Walker distributed the Appeal through friends and contacts traveling to the South who carried copies with them. He also sent copies through the regular mail.
Most slaves in the South could not read or write; it was a crime to teach them to do so. Walker’s “agents” traveling preachers, sailors, laborers, and others tapped their own underground networks to help ensure that the Appeal was read aloud to those who couldn’t read it for themselves. It’s safe to assume that hundreds if not thousands of slaves were secretly exposed to Walker’s stirring words and ideas.
Southern authorities were alarmed by the Appeal, and did everything in their power to suppress it. They feared it would encourage revolts at a time when slave resistance was growing in many areas.

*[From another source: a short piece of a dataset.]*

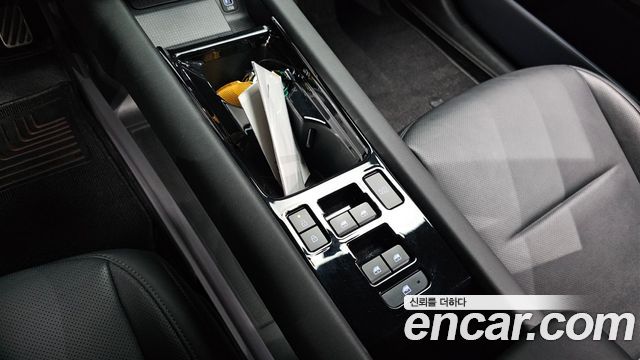 Hyundai Ioniq6 2023 — photo 25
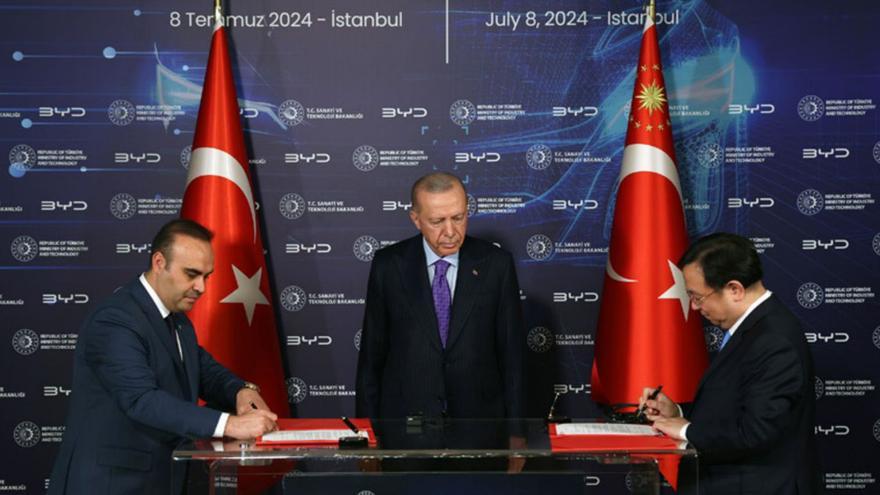 En el centro, el presidente de Turquía, Recep Tayyip Erdogan, preside la firma del acuerdo entre el ministro turco de Industria, Mehmet Fatih Kacir, y el presidente de BYD,  Wang Chuanfu, en Estambul. | Presidencia de Turquía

The Appeal made a great impression in the South, with both slaves and slaveholders. To the slaves the words were inspiring and instilled a sense of pride and hope. Horrified whites, on the other hand, initiated laws that forbade blacks to learn to read and banned the distribution of antislavery literature. The legislature also offered a reward for Walker’s capture: $10,000 alive and $1,000 dead. Other Southern states took similar measures. Louisiana enacted a bill ordering the expulsion of all free Africans who had settled in the state after 1825. By 1830, White authorities in the Southern states had begun a campaign to suppress Walker’s Appeal. Friends concerned about his safety implored him to flee to Canada. Walker responded that he would stand his ground. « Somebody must die in this cause, » he added. « I may be doomed to the stake and the fire, or to the scaffold tree, but it is not in me to falter if I can promote the work of emancipation. »
In June 1830, shortly after publishing the third edition of his Appeal, Walker was found dead two month later on the doorstep of his home. His supporters thought he had been poisoned by someone who supported slavery.